Say on pay is likely one of those, according to a survey Towers Watson ran this month. The survey found that only about 12% of companies consider themselves very well prepared for say on pay, with another 6% either offering it currently or already planning to roll it out. The bulk of respondents, 46%, are only “somewhat prepared,” and 22% say they don’t know where their company stands.
While the notion of say on pay has been in the works for years, so far only about 80 companies offer it. Some critics point out that many shareholders don’t want it, with majorities rejecting the opportunity this year at AT&T, Johnson & Johnson, Dow Chemical, and UnitedHealth, among others. Investors who oppose it generally believe the measure is too binary, and that more-qualitative discussions with company management and board members are more appropriate. There’s also some concern that investors will rely too heavily on proxy advisory services rather than their own analysis.
However, this past proxy season showed that shareholders who do vote are no longer simply rubber-stamping proposals.

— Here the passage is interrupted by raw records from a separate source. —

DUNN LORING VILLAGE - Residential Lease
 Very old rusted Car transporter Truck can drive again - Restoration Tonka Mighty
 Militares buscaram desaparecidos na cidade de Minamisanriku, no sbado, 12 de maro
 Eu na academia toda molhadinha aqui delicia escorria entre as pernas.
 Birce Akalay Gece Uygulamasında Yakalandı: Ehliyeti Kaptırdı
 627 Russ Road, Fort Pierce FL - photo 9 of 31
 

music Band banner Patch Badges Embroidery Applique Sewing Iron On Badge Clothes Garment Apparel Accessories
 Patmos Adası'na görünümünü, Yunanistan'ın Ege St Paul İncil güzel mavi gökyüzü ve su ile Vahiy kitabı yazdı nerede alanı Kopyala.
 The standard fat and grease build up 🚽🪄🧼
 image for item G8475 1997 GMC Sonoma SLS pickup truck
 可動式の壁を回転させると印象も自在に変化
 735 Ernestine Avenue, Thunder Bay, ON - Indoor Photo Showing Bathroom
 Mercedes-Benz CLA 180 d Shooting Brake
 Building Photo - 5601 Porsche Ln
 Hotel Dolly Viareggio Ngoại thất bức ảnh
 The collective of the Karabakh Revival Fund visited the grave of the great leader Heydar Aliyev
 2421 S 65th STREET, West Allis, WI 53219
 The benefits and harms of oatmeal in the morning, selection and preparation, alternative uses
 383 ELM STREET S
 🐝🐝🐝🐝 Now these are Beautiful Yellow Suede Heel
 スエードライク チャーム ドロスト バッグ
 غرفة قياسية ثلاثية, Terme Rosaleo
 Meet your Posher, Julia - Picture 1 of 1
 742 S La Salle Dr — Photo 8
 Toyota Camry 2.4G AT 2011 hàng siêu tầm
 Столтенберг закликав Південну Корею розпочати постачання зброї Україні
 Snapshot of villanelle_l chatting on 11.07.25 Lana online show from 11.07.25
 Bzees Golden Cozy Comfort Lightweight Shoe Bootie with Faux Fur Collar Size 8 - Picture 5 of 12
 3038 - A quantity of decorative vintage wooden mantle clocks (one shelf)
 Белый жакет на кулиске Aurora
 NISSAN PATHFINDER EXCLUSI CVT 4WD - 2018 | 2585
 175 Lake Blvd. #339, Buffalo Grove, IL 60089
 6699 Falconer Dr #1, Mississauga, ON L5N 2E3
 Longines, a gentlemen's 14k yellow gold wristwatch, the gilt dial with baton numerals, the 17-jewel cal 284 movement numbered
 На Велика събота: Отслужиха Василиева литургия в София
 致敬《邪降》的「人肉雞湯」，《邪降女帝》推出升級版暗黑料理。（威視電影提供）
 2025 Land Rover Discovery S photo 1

Several companies, including Motorola, Occidental Petroleum, and KeyCorp, saw their shareholders reject their executive-pay packages. Such votes are nonbinding, but generally spark intense discussions and possible changes at companies when shareholders voice disapproval.
As for the steps companies are taking to prepare, the Towers Watson survey indicated that most are reassessing whether or not they truly are paying for performance, and how well that is communicated to shareholders. “Companies over the next six months will likely be asking themselves: How do we best tell our story? What analysis should we be doing? Should it just be what the SEC asks for, or something more?” says Seelig.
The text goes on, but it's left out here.